_TASK:_
Each record should reappear exactly in your answer, minus any picture.

────────────────

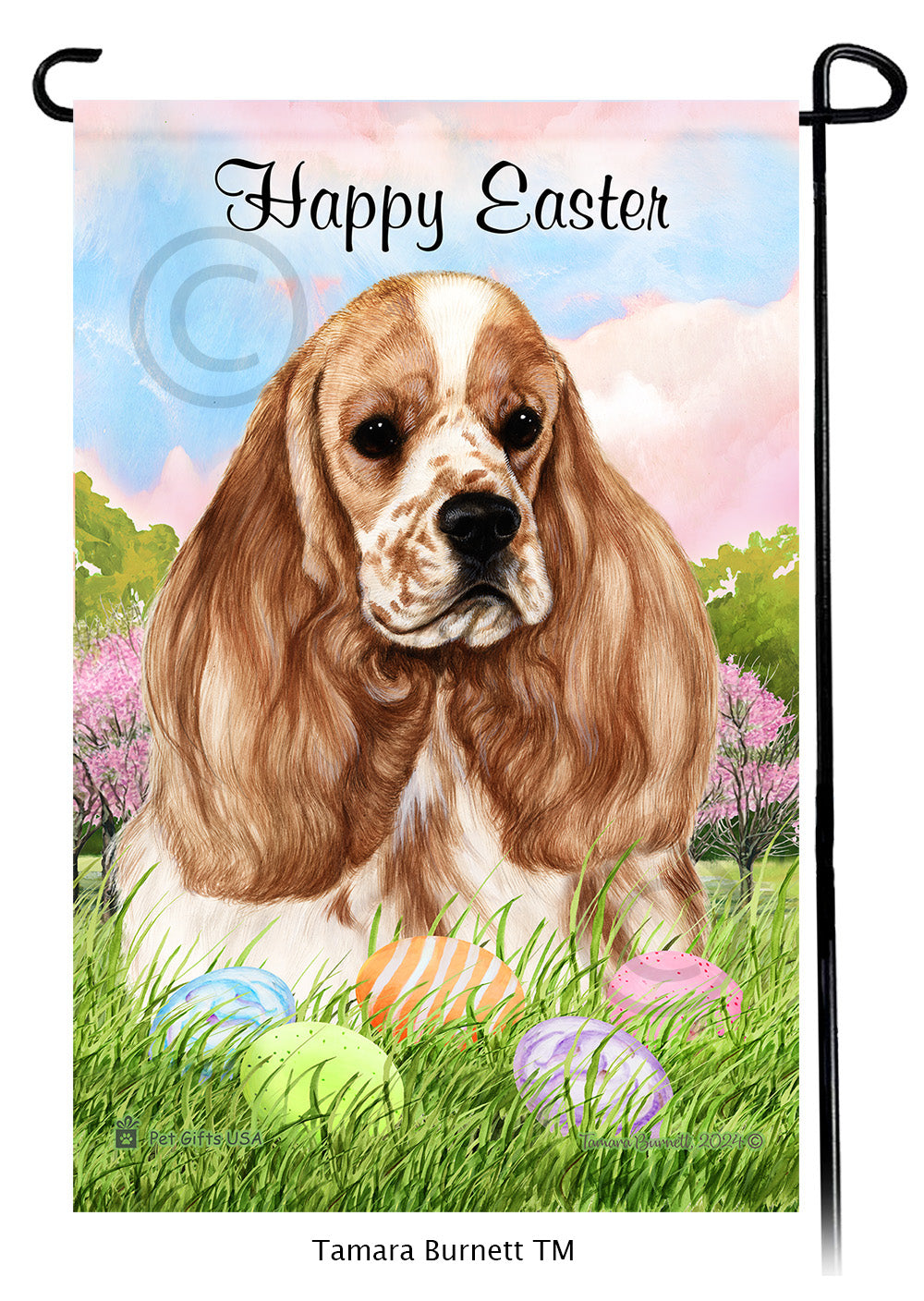 Cocker Spaniel Happy Easter - Garden Flag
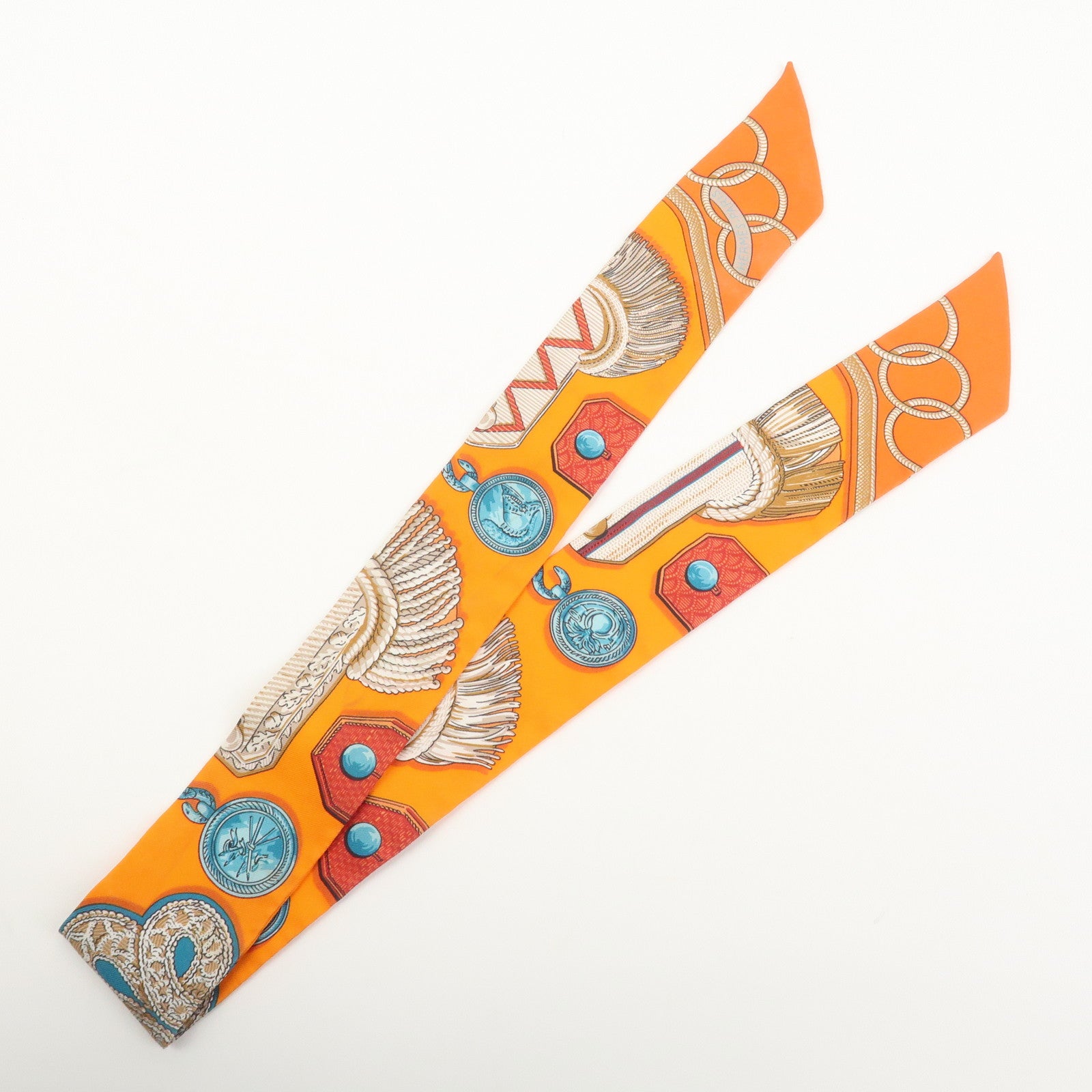 HERMES Twilly Tassel Motif Silk 100% Scarf Orange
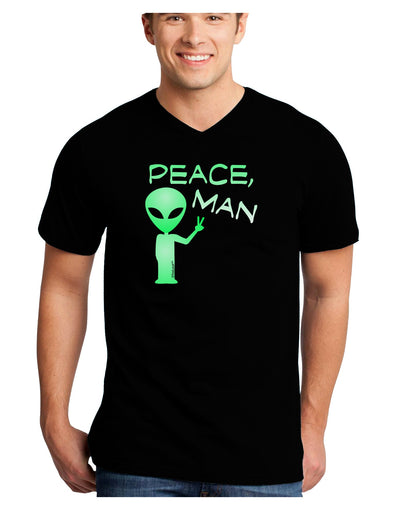 Peace Man Alien Adult Dark V-Neck T-Shirt-TooLoud-Black-Small-Davson Sales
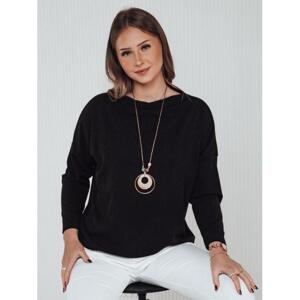 Dámske čierne tričko s príveskom RY2710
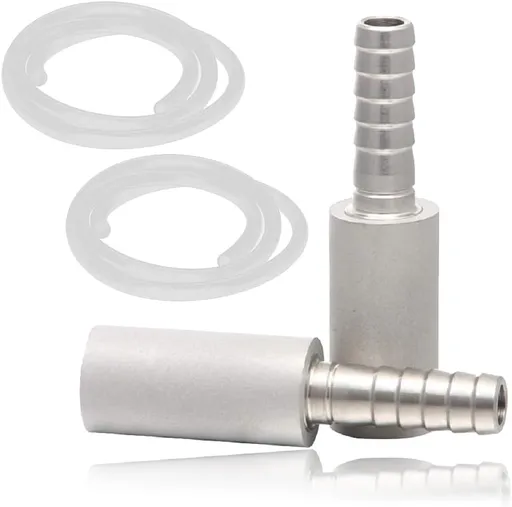 Aeration Stone 0.5 Micron Stainless Steel Oxygenation Diffusion Stone 1/4" Barb for Home brewing Wine Beer Soda + 20 Inch Silicone Hose (Pack of 2)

────────────────

_RESPONSE TO THIS TASK:_
 Cocker Spaniel Happy Easter - Garden Flag
 HERMES Twilly Tassel Motif Silk 100% Scarf Orange
 Peace Man Alien Adult Dark V-Neck T-Shirt-TooLoud-Black-Small-Davson Sales
 Dámske čierne tričko s príveskom RY2710
 Aeration Stone 0.5 Micron Stainless Steel Oxygenation Diffusion Stone 1/4" Barb for Home brewing Wine Beer Soda + 20 Inch Silicone Hose (Pack of 2)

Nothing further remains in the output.